TTIP Stands For Corporations Not People


TTIP could be the corporate Trojan horse of the 21st century, giving more rights to self-interested international corporations, and less to those in favour of a future Britain that isn’t shit and reliant on mindless consumerism. So you should be taking notes.

Opinions on TTIP (short for ‘Transatlantic Trade and Investment Partnership’) are scattered, some say it will make billions for the country’s economy, others say it is a sly deal that will hand over huge amounts of power to the corporate and the wealthy. More however, say “what the fuck’s TTIP when it’s at home?”

It’s fair to say there’s been a hefty amount of obfuscation in the TTIP deal, but, then again, hiding behind meaningless acronyms and long-winded sentences has previously worked when passing unpopular legislation, so why stop now? To try to put it as simply as possible; if the TTIP deal goes through, it will allow for international trade regulations to be downtrodden in favour of a global, free market economy. This sort of sounds like the way the world is heading anyway, but, you should also know that the majority of people involved in creating this trade agreement are the corporations themselves and their sharky lobbyists. This can only be bad news for those unwilling to live in a corporately governed world.


One failsafe example of where the British people will get fucked first is in the ass of the NHS. What TTIP will do is open up the NHS to competition, meaning that international health and pharmaceutical corporations will begin to build their businesses here, selling services that match, or better, our current ones.

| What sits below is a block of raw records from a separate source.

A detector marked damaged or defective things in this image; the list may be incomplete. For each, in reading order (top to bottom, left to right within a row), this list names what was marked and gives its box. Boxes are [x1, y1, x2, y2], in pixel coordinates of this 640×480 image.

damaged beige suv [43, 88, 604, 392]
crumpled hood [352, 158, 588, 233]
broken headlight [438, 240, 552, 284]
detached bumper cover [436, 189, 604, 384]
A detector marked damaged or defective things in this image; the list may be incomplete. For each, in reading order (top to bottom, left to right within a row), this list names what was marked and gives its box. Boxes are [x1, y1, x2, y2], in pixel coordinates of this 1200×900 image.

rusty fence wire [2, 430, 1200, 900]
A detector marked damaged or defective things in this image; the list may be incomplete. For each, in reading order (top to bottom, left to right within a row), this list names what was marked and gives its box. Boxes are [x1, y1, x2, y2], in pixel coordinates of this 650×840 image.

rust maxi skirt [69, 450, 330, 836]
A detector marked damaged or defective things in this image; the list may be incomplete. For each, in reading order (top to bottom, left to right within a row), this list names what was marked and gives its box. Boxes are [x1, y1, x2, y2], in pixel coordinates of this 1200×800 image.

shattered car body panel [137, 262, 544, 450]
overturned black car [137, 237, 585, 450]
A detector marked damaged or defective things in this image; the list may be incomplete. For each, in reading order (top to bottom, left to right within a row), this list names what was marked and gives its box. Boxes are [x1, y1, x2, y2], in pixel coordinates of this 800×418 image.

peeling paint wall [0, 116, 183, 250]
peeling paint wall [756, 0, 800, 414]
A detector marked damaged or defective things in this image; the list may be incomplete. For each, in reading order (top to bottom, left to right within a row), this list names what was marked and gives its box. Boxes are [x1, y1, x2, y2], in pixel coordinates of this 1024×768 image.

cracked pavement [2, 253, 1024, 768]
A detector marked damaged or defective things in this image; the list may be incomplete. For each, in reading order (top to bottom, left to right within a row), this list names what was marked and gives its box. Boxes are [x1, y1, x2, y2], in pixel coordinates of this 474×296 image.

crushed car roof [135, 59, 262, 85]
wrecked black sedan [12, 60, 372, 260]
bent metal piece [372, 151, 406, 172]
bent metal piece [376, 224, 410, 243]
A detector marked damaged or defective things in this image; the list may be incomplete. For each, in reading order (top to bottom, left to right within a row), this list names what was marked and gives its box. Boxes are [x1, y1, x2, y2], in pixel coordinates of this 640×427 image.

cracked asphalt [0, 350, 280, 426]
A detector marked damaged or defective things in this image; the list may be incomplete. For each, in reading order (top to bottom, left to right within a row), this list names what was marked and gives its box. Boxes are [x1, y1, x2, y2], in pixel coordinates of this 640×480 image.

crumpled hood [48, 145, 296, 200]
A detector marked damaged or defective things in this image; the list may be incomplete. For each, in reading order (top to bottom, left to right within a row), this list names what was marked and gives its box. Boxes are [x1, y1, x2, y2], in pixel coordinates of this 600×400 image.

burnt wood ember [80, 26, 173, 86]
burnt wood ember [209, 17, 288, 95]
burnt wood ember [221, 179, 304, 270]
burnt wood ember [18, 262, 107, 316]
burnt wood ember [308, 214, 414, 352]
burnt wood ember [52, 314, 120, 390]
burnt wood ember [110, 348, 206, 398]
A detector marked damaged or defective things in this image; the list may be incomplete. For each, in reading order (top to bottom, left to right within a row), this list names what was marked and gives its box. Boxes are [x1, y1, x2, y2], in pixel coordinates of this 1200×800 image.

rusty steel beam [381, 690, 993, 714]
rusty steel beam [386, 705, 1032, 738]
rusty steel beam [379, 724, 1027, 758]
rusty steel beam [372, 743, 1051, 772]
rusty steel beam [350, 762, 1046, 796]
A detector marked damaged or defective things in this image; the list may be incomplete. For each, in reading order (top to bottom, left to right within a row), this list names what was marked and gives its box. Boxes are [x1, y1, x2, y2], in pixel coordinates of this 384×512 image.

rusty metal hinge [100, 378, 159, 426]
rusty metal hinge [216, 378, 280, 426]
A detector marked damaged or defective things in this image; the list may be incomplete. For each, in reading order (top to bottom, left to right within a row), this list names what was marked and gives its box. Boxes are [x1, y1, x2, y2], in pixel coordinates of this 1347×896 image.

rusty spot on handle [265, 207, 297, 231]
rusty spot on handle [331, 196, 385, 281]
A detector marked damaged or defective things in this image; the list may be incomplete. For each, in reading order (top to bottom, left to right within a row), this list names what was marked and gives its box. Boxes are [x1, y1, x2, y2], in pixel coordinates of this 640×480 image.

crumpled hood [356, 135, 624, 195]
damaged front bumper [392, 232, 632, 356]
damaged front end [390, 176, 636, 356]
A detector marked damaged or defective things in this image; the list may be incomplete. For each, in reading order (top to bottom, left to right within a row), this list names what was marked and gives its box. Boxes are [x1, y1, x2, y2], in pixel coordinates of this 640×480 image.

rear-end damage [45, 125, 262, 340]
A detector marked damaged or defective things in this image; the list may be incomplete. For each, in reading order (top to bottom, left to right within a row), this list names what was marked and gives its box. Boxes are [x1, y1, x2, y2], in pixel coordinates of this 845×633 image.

Great, you say, but that’s before looking a little closer and seeing what this will mean for the authority of the NHS and free national health countrywide. Not only will these international companies be charging for their services – not a problem for the wealthy but an obvious problem for the poor – but they’ll also ensure that the NHS is left weakened, if not already weak enough from the £22 billion in cuts (or "efficiency savings") they are currently having to make under our current government’s ingenious austerity plan and the impossible 7-day services they are being forced to provide.

And, once this becomes a reality, the NHS will inevitably be underperforming – because of cuts, service strains, low wages and skilled doctors and nurses jumping ship – and any authority it once had over the future of UK health (its plans to push for sugar and alcohol regulations; things which aim to actually help the country) will be lost. After all, thanks to the insidious ISDS (Investor-State Dispute Settlement) clause, the international corporations (in the health sector and outside) have the freedom to sue the UK government when it infringes on their profits. How dare UK law be for UK citizens rather than us, the foreign corporations intent on milking UK citizens dry? How dare it try and govern itself!


Luckily then, for them, not us, quite obviously, the ISDS would rid UK law of its autonomy from corporations (admittedly it didn’t have much anyway, much of what is left is already rotting away in a HSBC vault somewhere), due to the threat of being sued if the government doesn’t work in the corporations’ best interests.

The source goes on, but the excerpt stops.